Online enterprises face enormous threats

Internet Security Alliance President Larry Clinton says online enterprises face enormous threats because in the world of cyber security all of the incentives favor the attackers. "Cyber attacks are currently comparatively cheap, they are comparatively easy to launch; the amount you can steal is enormous. The chances of getting caught are fairly small," says Clinton.

He adds that, with attackers enjoying a virtually limitless range of targets, and defense a generation behind the attacker, the annual economic losses from cyber threats are great.

"The situation is extremely serious. Last year, American business probably lost a trillion dollars in intellectual property theft, there were billions more that were lost due to down time, inefficiency, et cetera."

Countering threats and challenges

Randy Vickers, acting director of the U.S. Homeland Security Department's Computer Emergency Readiness Team, says one of the biggest challenges with cyber attacks is that there is never a single muzzle flash that tells you where the attack originated.
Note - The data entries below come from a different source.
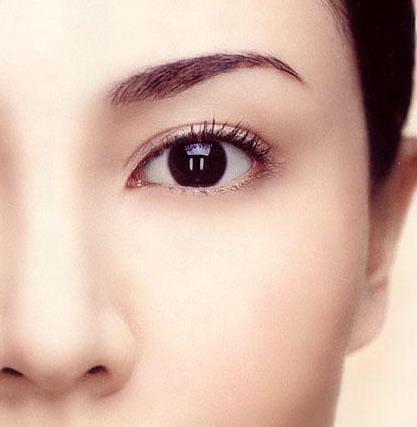 三角眼整形前后對比真人案例圖？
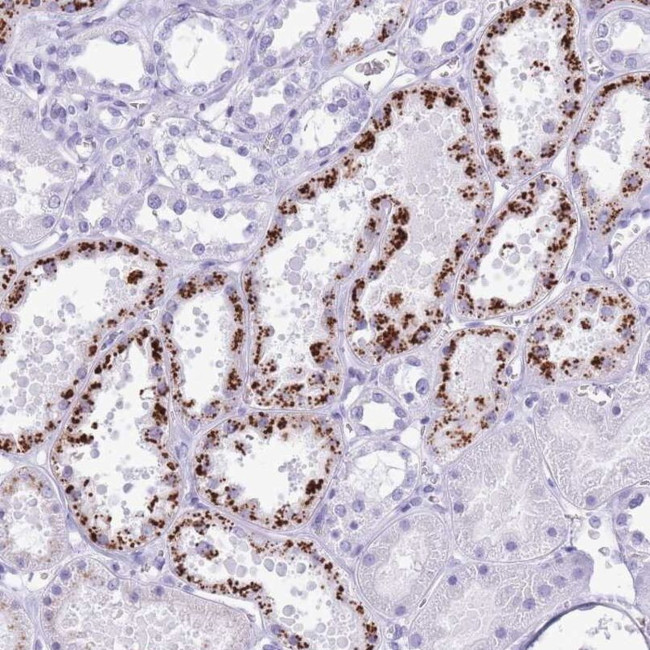 OR4F3 Antibody in Immunohistochemistry (IHC)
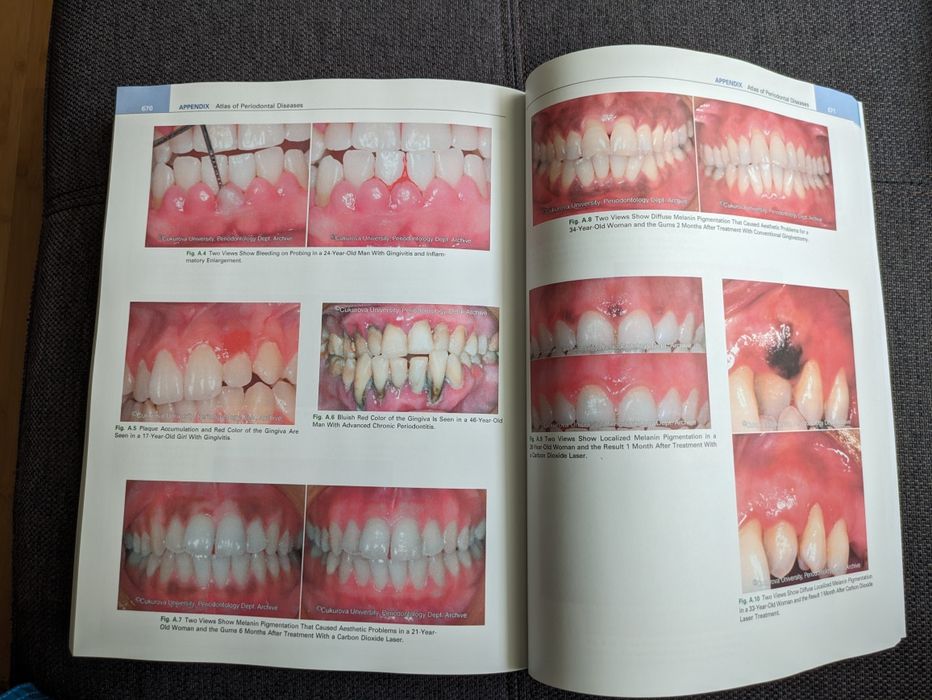 Clinical Periodontology - negociabil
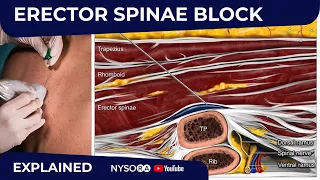 Erector Spinae Plane Block - Regional anesthesia Crash course with Dr. Hadzic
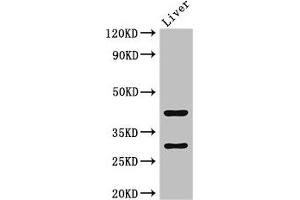 Western Blot Positive WB detected in: Mouse liver tissue All lanes: TIMD4 antibody at 2 μg/mL Secondary Goat polyclonal to rabbit IgG at 1/50000 dilution Predicted band size: 42, 39 kDa Observed band size: 42, 30 kDa (TIMD4 抗体  (AA 134-301))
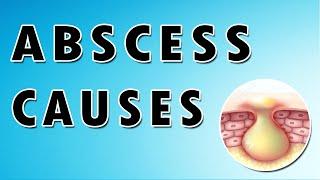 Abscess Symptoms, Treatment, and Causes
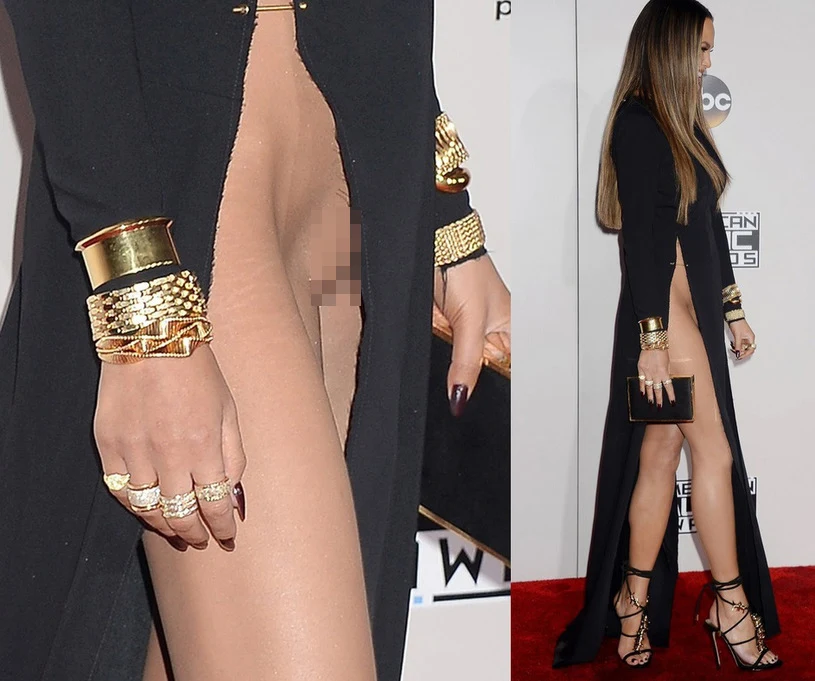 Chrissy Teigen  Chrissy Teigen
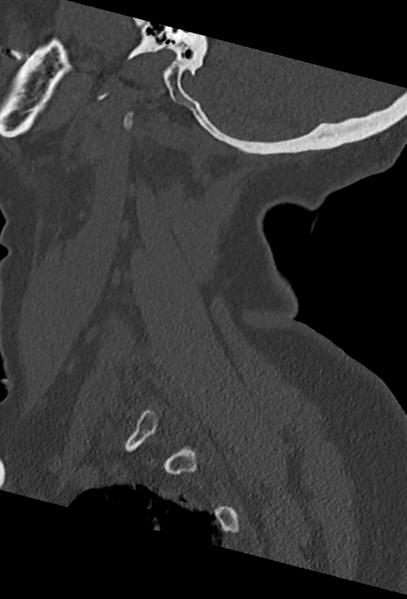 File:Cervical spine ACDF loosening (Radiopaedia 48998-54070 Sagittal bone window 20).png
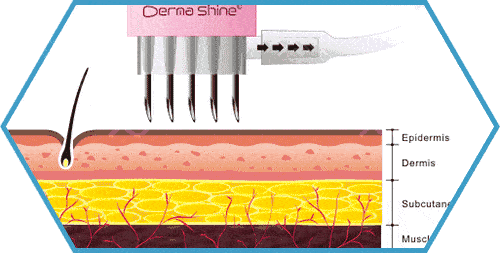 野心|钟楚曦素颜生图流出，她的野心也太大了...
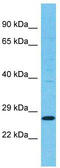 Tetraspanin 11 antibody, TA330800, Origene, Western Blot image 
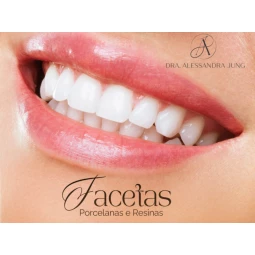 Foto Facetas de Resina e Porcelana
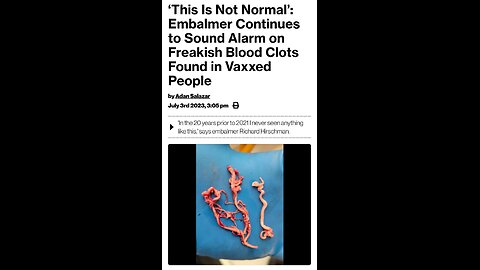 Blood clots after K19! Cancer is parasites! CO2 is harmless!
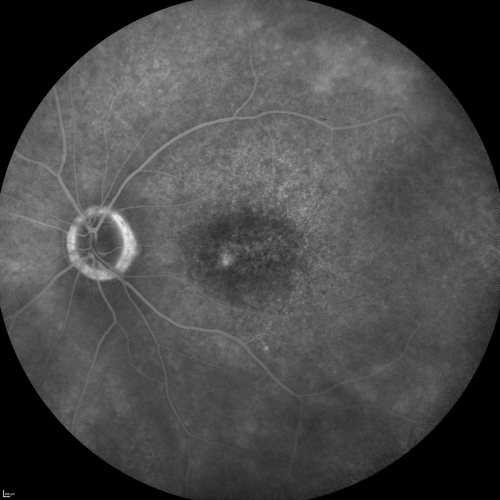 Fluorescein Angiogram  - Enhanced S Cone Syndrome - Goldmann Favre - 
55-year-old woman  while in college her vision was poor even with glasses and she sought evaluation for that.  She was told after she had an electroretinogram at USF 15 years ago, that she had something with her blue cones.  She does have poor night vision, but her reading vision is pretty good. 

VISUAL ACUITY:  OD 20/40,  OS 20/40
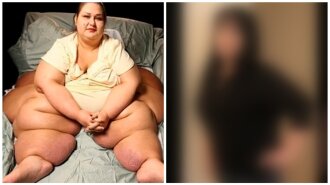 Как выглядит самая толстая женщина в мире, которая похудела на 400 кг: невероятные фото "ДО" и "ПОСЛЕ"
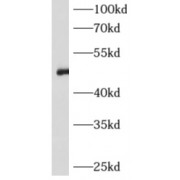 WB analysis of human plasma tissue, using AGT antibody (1/1000 dilution).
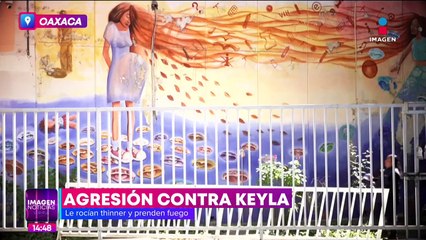 Keyla fue rociada con thinner por un hombre quien después le prendió fuego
"With a cyber event, because there are multiple hot points, multiple places where it could be coming from,” Vickers stated. “You cannot say that IP [Internet protocol] address or that workstation or that host or that Web site or that technological capability is the first place it originated from."

Vickers says intent is a key fingerprint used to track down attackers. "We are trying to understand those types of fingerprints so we can tie back to attribution," he said. "But it is long and arduous, and it comes back to: what is the intent? Is it a hack-tivist, is it a nation state, is it a terrorist, is it just a person out to prove that they can do something like the old days used to be?"
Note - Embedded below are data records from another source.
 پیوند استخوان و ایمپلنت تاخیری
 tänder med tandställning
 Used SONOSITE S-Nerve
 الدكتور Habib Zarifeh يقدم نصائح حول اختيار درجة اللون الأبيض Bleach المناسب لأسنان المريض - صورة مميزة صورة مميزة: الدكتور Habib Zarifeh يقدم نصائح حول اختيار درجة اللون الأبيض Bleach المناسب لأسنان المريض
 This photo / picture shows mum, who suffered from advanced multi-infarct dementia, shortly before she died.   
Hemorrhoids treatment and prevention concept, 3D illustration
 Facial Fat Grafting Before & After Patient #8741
President Barack Obama has made cyber security a top priority for his administration, and has listed the threat from cyber weapons along with other weapons of mass destruction - such as nuclear, chemical and biological weapons.
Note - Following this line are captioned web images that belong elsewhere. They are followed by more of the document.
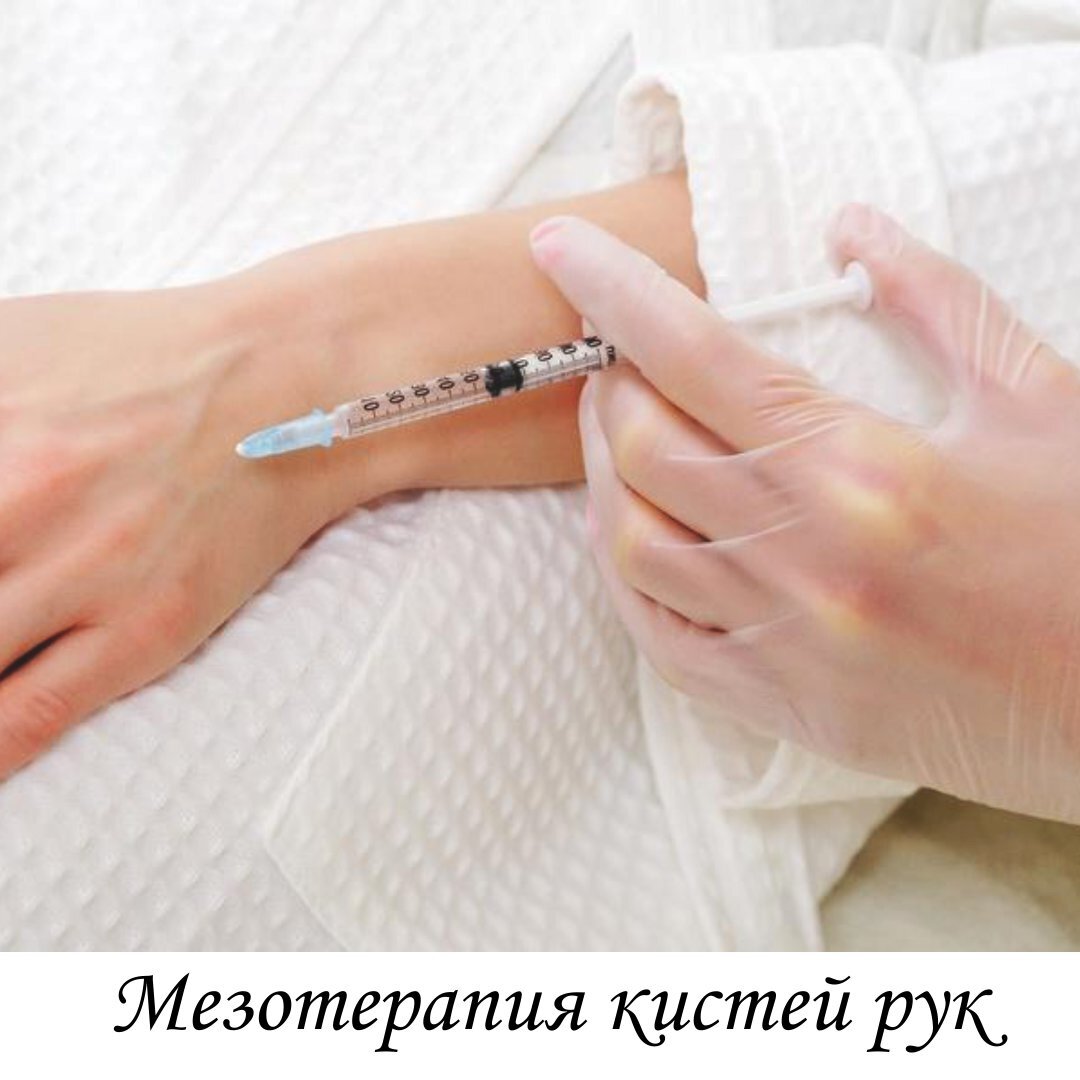 Мезотерапия кистей рук
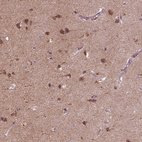 Immunohistochemical staining of human cerebral cortex shows strong cytoplasmic positivity in neurons and moderate cytoplasmic positivity in neuropil.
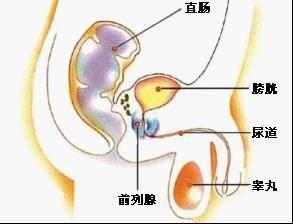 前列腺痛是哪些生活习惯导致的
Last year, he appointed Howard Schmidt as the country’s cyber czar [see White House’s recently released National Cyber Security Initiative] to watch over the nation's networks, from systems that direct planes to those that help Americans pay their bills online.

President Obama says cyber security is one of the “most serious economic and national security challenges we face as a nation.”

ISA's Clinton says that such attention is helping, but he notes that the key to building more security is to give businesses more incentives to protect themselves from attacks.

"There is a public benefit that would come to everybody if we could substantially increase our cyber security, because even if I do everything to secure my system, if it interacts with your system and you are not secure, the attackers will get into your system, and through you, get to me," Clinton explained.

Clinton says one way to boost cyber security is by encouraging smaller companies to do more to protect themselves from attacks by using tax incentives, government contracts, and small business administration assistance.

Because, as he and other experts note, “We are only as strong as our weakest link.”